An object falls a distance h from rest. If it travels 0.460h in the last 1.00 s, find (a) the time and (b) the height of its fall.

a) t = 3.771s

b) h = 69.68 m

Explanation:

Given;

total distance covered = h

Using the second equation of motion;

h = ut + 0.5at² ... 1

We know u=0, since the object fall from rest.
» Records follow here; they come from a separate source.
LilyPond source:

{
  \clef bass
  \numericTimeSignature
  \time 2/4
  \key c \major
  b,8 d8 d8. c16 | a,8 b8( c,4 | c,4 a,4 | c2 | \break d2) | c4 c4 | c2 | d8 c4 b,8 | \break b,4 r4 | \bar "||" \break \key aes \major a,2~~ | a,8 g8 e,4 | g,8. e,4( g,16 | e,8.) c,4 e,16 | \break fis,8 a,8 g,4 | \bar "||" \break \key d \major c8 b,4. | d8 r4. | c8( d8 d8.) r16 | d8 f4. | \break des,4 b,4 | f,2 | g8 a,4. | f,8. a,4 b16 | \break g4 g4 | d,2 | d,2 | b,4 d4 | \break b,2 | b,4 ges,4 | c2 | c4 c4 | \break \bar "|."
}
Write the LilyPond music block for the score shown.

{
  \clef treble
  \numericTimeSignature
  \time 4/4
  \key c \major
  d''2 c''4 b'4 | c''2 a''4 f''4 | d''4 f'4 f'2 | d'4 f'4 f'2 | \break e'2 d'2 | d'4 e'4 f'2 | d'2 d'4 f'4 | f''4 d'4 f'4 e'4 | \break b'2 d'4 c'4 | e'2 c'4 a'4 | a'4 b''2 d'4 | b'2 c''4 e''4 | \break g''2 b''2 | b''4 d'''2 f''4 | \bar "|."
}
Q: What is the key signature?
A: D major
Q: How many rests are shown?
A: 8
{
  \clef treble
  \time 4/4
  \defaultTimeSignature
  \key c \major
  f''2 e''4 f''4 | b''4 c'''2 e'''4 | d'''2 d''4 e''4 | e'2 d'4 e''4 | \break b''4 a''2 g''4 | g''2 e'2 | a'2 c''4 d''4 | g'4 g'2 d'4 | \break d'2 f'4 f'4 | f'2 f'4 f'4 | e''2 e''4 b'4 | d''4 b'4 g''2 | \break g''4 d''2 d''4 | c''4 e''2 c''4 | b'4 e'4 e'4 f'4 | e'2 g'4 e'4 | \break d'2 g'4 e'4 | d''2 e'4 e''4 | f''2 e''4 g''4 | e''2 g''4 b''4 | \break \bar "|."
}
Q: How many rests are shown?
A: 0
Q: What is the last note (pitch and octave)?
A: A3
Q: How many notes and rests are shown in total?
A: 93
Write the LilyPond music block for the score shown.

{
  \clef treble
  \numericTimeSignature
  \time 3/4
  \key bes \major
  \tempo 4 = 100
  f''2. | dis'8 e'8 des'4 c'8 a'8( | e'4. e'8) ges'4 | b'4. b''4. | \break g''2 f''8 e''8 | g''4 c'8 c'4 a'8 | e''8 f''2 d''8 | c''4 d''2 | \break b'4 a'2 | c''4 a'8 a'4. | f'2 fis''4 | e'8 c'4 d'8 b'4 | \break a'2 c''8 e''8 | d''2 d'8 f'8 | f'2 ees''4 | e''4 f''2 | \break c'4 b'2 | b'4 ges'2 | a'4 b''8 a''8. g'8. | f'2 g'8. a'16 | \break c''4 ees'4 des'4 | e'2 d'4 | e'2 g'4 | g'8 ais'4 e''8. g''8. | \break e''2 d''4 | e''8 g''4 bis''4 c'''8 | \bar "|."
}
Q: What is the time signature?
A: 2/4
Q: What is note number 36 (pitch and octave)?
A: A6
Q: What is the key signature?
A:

and also acceleration a = g (acceleration due to gravity)

The equation 1 becomes;

h = 0.5gt² ... 2

Equation 2 is the overall equation of motion of the object.

Where;

h = height of fall

t = total time of fall

The motion have two phases.

1) distance travelled in the first phase is

h₁ = h - 0.46h = 0.54h

Time taken for the first phase is;

t₁ = t-1

2) distance travelled in the second phase is

h₂ = 0.46h

Time taken for second phase is

t₂ = 1.00s

Writing the equation of motion of the first phase where the object starts from rest, we have;

0.54h = 0.5g (t-1) ² ... 3

Substituting equation 2 into 3, we have;

0.54 (0.5gt²) = 0.5g (t-1) ²

divide both sides by 0.5g

0.54t² = (t-1) ²

(t-1) ² - 0.54t² = 0

Simplifying the equation above, we have;

t² - 2t + 1 - 0.54t² = 0

Then we have a quadratic equation;

0.46t² - 2t + 1 = 0

solving the quadratic equation, we have

t = 3.771 or t = 0.5764

Since t cannot be less than 1,

Recall that t₁ = t-1, and t₁ cannot be negative. so t>1

t = 3.771s

b) Using equation 2

h = 0.5gt²

h = 0.5*9.8*3.771²

h = 69.68 m

A. Time, t = 4.35s

B. Height of its fall, S = 92.72m

Explanation:

Vo = 0 m/s

Vi = 0.46h m/s

S = h m

a = 9.81 m/s2

To calculate the time taken, we need to get the value of the distance, h.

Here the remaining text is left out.